The BCS theory was phenomenally successful in describing superconductors. Soon after the publication of the BCS paper, several theorists proposed that a similar phenomenon could occur in fluids made up of fermions other than electrons, such as helium-3 atoms. These speculations were confirmed in 1971, when experiments performed by D.D. Osheroff showed that helium-3 becomes a superfluid below 0.0025 K. It was soon verified that the superfluidity of helium-3 arises from a BCS-like mechanism. (Note: The theory of superfluid helium-3 is a little more complicated than the BCS theory of superconductivity. These complications arise because helium atoms repel each other much more strongly than electrons, but the basic idea is the same.)

=== Condensates of fermionic atoms ===
When Eric Cornell and Carl Wieman produced a Bose–Einstein condensate from rubidium atoms in 1995, there naturally arose the prospect of creating a similar sort of condensate made from fermionic atoms, which would form a superfluid by the BCS mechanism. However, early calculations indicated that the temperature required for producing Cooper pairing in atoms would be too cold to achieve. In 2001, Murray Holland at JILA suggested a way of bypassing this difficulty. He speculated that fermionic atoms could be coaxed into pairing up by subjecting them to a strong magnetic field.

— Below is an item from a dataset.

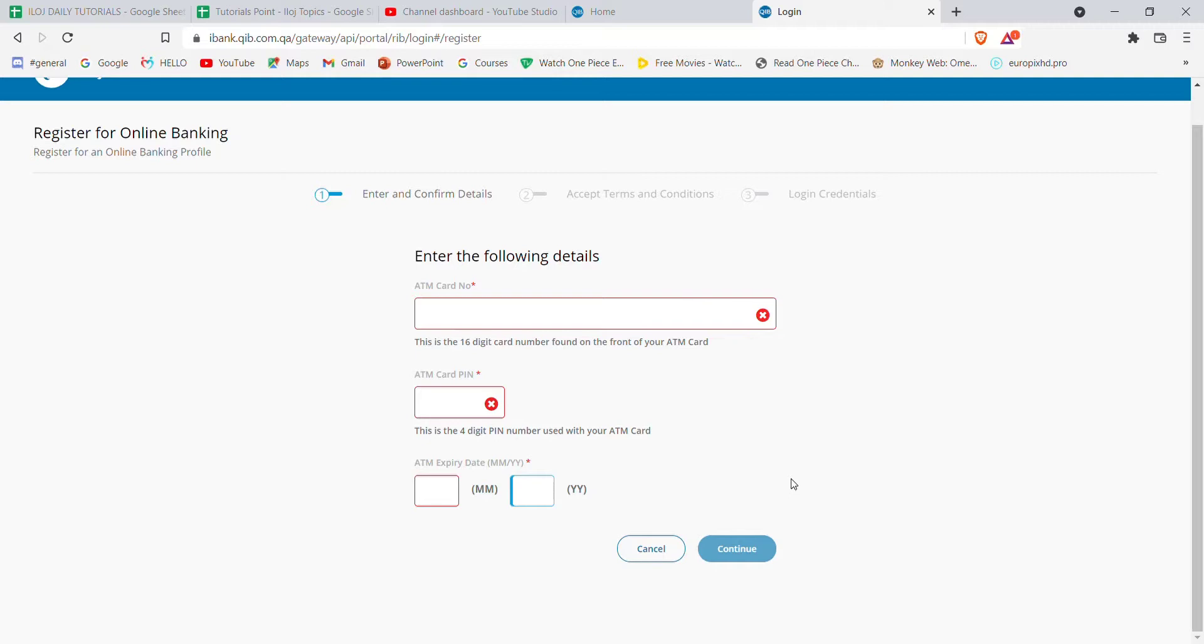Which will help you to create an account or register for online banking in the Qatar Islamic Bank.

In 2003, working on Holland's suggestion, Deborah Jin at JILA, Rudolf Grimm at the University of Innsbruck, and Wolfgang Ketterle at MIT managed to coax fermionic atoms into forming molecular bosons, which then underwent Bose–Einstein condensation. However, this was not a true fermionic condensate. On December 16, 2003, Jin managed to produce a condensate out of fermionic atoms for the first time. The experiment involved 500,000 potassium-40 atoms cooled to a temperature of 5×10^{−8} K, subjected to a time-varying magnetic field.

==Examples==

===Chiral condensate===
A chiral condensate is an example of a fermionic condensate that appears in theories of massless fermions with chiral symmetry breaking, such as the theory of quarks in Quantum Chromodynamics.

===BCS theory===
The BCS theory of superconductivity has a fermion condensate. A pair of electrons in a metal with opposite spins can form a scalar bound state called a Cooper pair. The bound states themselves then form a condensate. Since the Cooper pair has electric charge, this fermion condensate breaks the electromagnetic gauge symmetry of a superconductor, giving rise to the unusual electromagnetic properties of such states.

===QCD===
In quantum chromodynamics (QCD) the chiral condensate is also called the quark condensate. This property of the QCD vacuum is partly responsible for giving masses to hadrons (along with other condensates like the gluon condensate).

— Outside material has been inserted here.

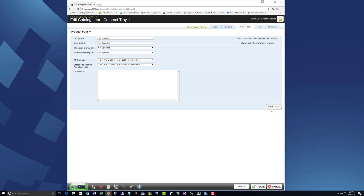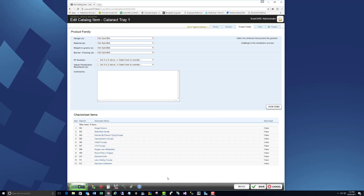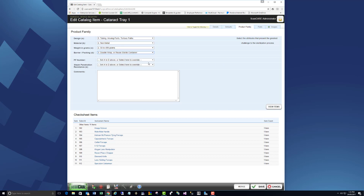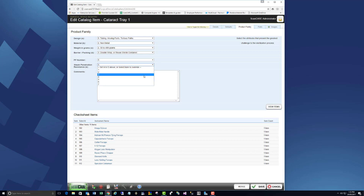The algorithm used to attribute product families to RMDs has been further developed, linking product families with steam penetration resistance. Product family and steam penetration resistance values can be modified to suit your own requirements.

In an approximate version of QCD, which has vanishing quark masses for N quark flavours, there is an exact chiral SU(N) × SU(N) symmetry of the theory. The QCD vacuum breaks this symmetry to SU(N) by forming a quark condensate. The existence of such a fermion condensate was first shown explicitly in the lattice formulation of QCD. The quark condensate is therefore an order parameter of transitions between several phases of quark matter in this limit.

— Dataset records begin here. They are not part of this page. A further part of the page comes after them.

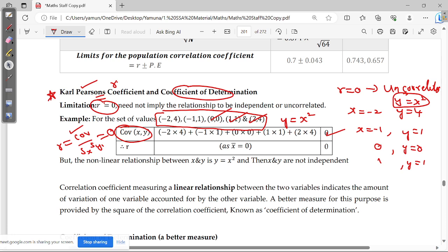Carl Pearson's correlation coefficient is applicable only for the linear case. For the non-linear case, it is not suitable. If we apply it to a non-linear relationship, Carl Pearson's method still gives r equal to 0, which is misleading.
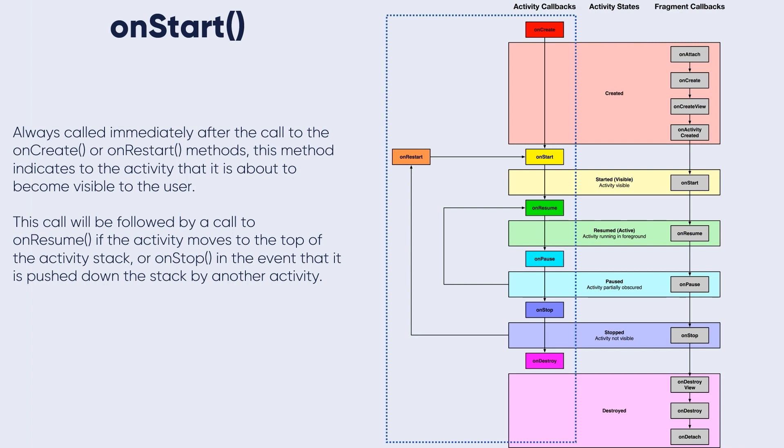This method indicates to the activity that it is about to become visible to the user.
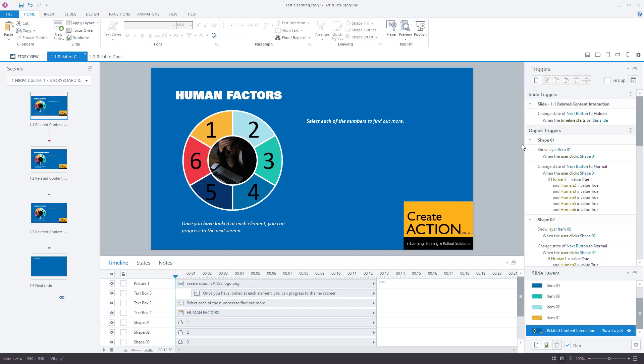In this video I'm going to show you how to have it so the next button is hidden, but once a user has clicked on all of these buttons the next button appears.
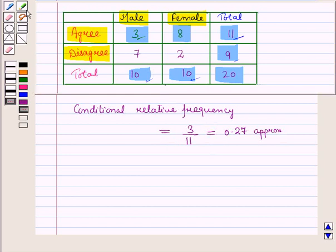In this session, we have discussed how to find joint, marginal, and conditional relative frequencies from a two-way table. This completes our session. Hope you have enjoyed the session. Thank you.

This is very similar to the BCS theory of superconductivity. The Cooper pairs are analogous to the pseudoscalar mesons. However, the vacuum carries no charge. Hence all the gauge symmetries are unbroken. Corrections for the masses of the quarks can be incorporated using chiral perturbation theory.

===Helium-3 superfluid===
A helium-3 atom is a fermion and at very low temperatures, they form two-atom Cooper pairs which are bosonic and condense into a superfluid. These Cooper pairs are substantially larger than the interatomic separation.